_Required work_: Quote the lines of the data below verbatim, beginning at the line that contains "Goldanhänger Red Sparkle" and ending at the last line, both included, and excluding pictures.

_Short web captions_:

::::::::::

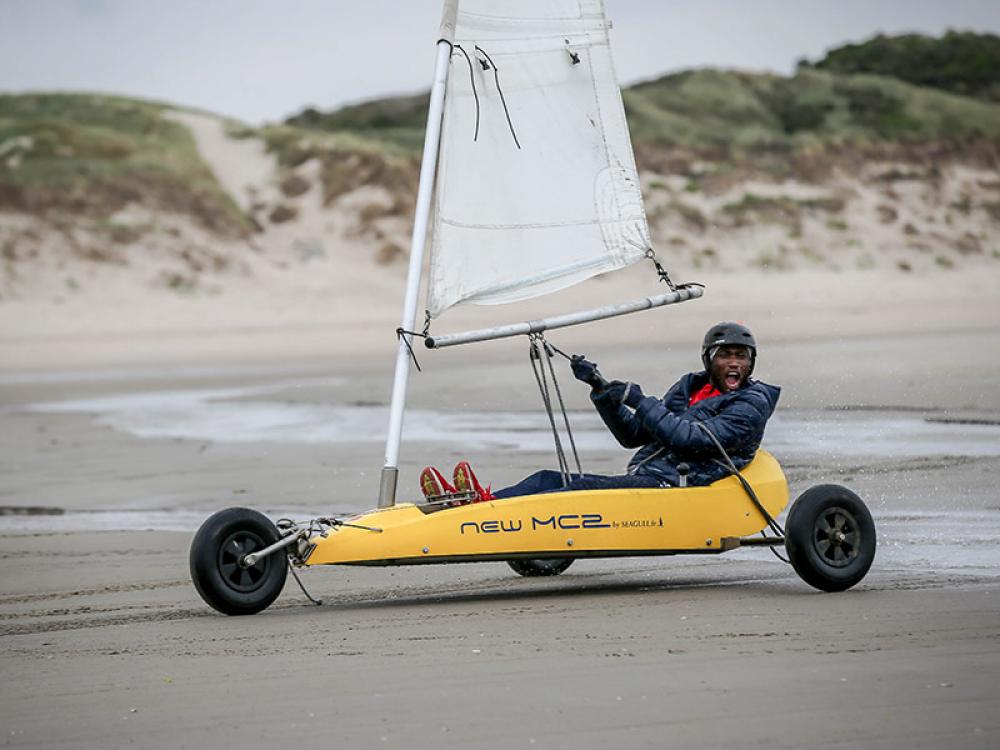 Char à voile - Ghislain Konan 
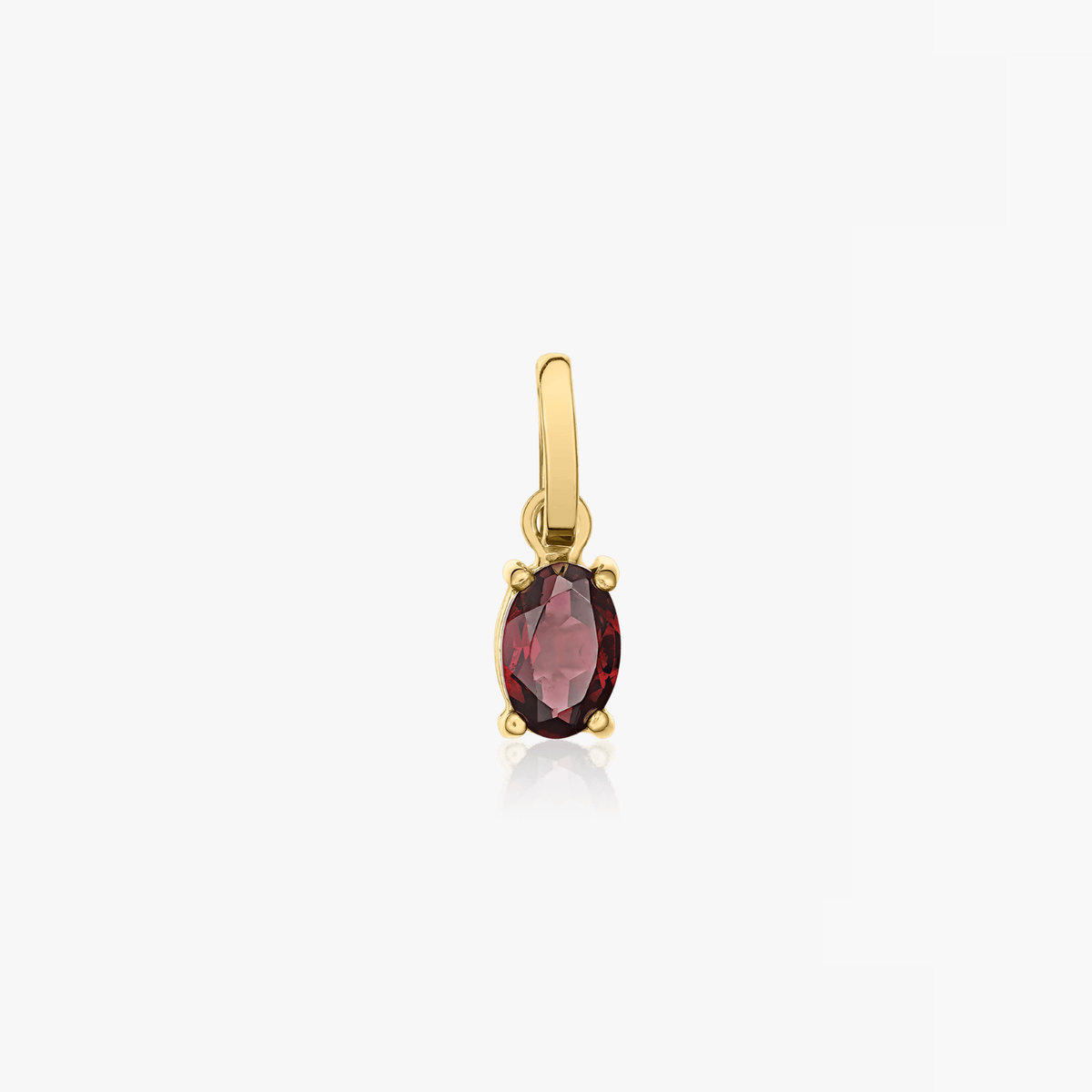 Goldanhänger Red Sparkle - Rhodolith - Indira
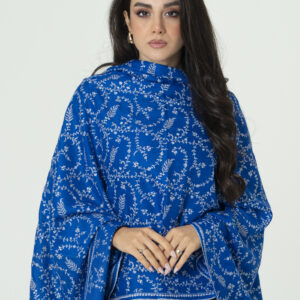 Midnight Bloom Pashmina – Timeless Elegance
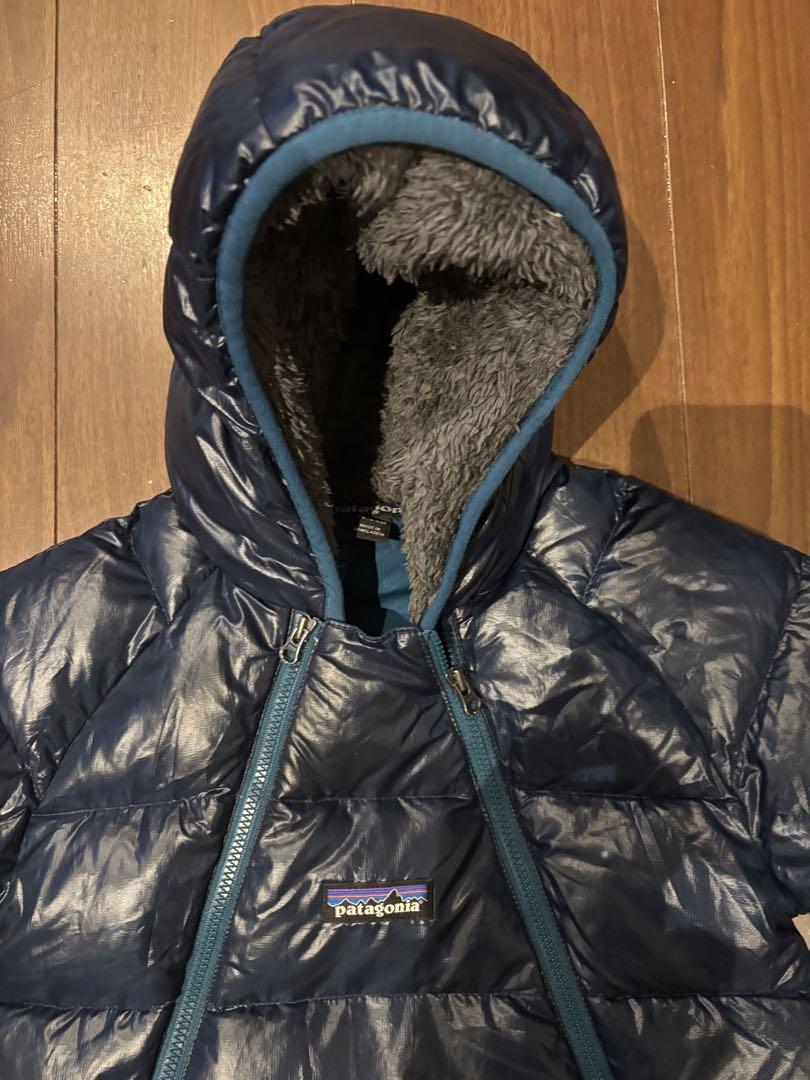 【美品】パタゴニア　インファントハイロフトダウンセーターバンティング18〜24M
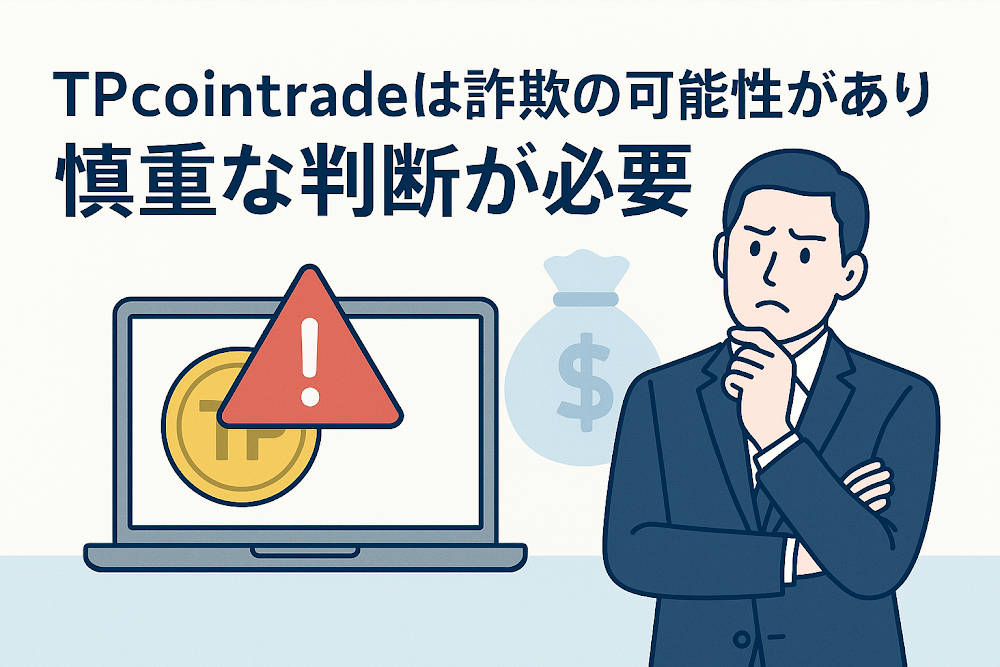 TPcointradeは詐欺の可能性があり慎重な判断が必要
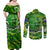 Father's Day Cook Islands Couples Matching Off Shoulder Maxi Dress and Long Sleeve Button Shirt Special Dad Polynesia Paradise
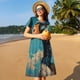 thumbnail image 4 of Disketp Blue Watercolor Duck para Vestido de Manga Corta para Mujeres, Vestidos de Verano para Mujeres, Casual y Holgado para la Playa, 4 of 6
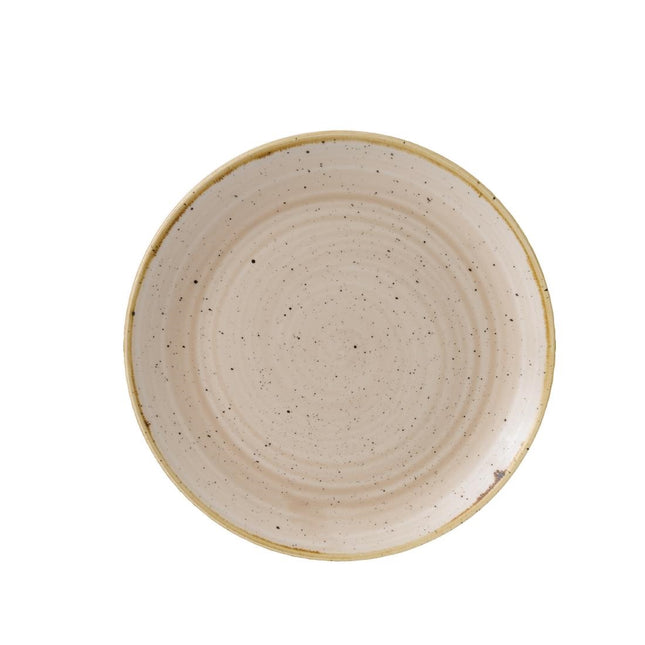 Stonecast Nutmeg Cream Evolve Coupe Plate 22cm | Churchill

::::::::::

_Exercise solution_:
 Goldanhänger Red Sparkle - Rhodolith - Indira
 Midnight Bloom Pashmina – Timeless Elegance
 【美品】パタゴニア　インファントハイロフトダウンセーターバンティング18〜24M
 TPcointradeは詐欺の可能性があり慎重な判断が必要
 Father's Day Cook Islands Couples Matching Off Shoulder Maxi Dress and Long Sleeve Button Shirt Special Dad Polynesia Paradise
 thumbnail image 4 of Disketp Blue Watercolor Duck para Vestido de Manga Corta para Mujeres, Vestidos de Verano para Mujeres, Casual y Holgado para la Playa, 4 of 6
 Stonecast Nutmeg Cream Evolve Coupe Plate 22cm | Churchill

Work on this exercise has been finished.